Un journaliste peut divulguer des informations privilégiées (des rumeurs sur des sociétés cotées en Bourse) dans un article qui sera publié prochainement à condition que cela soit nécessaire pour mener à bien son activité journalistique et que cela respecte le principe de proportionnalité.

Quelle balance trouver entre la liberté de la presse, les intérêts privés d’investisseurs et l’intégrité des marchés financiers ? Voilà la question posée par la Cour d’appel de Paris à la Cour de justice de l’Union européenne. Les juges de Luxembourg ont trouvé la réponse : la divulgation d’une information privilégiée par un journaliste n’est licite que lorsqu’elle est considérée comme nécessaire à l’exercice de sa profession et lorsqu’elle respecte le principe de proportionnalité. Si au titre de la liberté de la presse et de la liberté d’expression, la communication d’informations privilégiées à des fins journalistiques peut en effet être justifiée, elle sera dorénavant soumise à un contrôle de nécessité et de proportionnalité.

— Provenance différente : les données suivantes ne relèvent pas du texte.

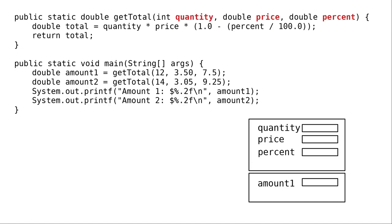GetTotal allocates space for the three parameters. And the three arguments, 12, 3.5, and 7.5, get copied into those parameters.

Il faudra donc regarder l’effet potentiellement dissuasif de l’interdiction de ce type de divulgations sur l’exercice de l’activité journalistique - y compris sur les travaux d’investigation préparatoires - ainsi que le respect par le journaliste des règles et des codes régissant sa profession.

Cette décision intervient dans le cadre d’un recours en annulation porté devant la Cour d’appel de Paris contre une décision de l’Autorité française des marchés financiers (AMF). L’affaire concernait la publication par un journaliste de deux articles sur le site du Daily Mail relayant des rumeurs de dépôt d’offres publiques d’achat sur les titres de Hermès et de Maurel & Prom, dont les prix indiqués dans les articles étaient largement supérieurs aux cours des titres sur Euronext. Il était reproché au journaliste d’avoir fait part de la publication prochaine de ses articles à des résidents britanniques. En connaissance de ce fait, ces derniers ont pu passer des ordres d’achat sur les titres en question avant la publication de l’article et les revendre à la suite de celle-ci, laquelle avait fait augmenter la valeur des titres. Le journaliste a écopé d’une sanction pécuniaire de 40 000 euros infligée par l’AMF, qu’il a contestée devant la Cour d’appel de Paris. À elle, désormais, d’examiner si la divulgation de ces informations était bien nécessaire.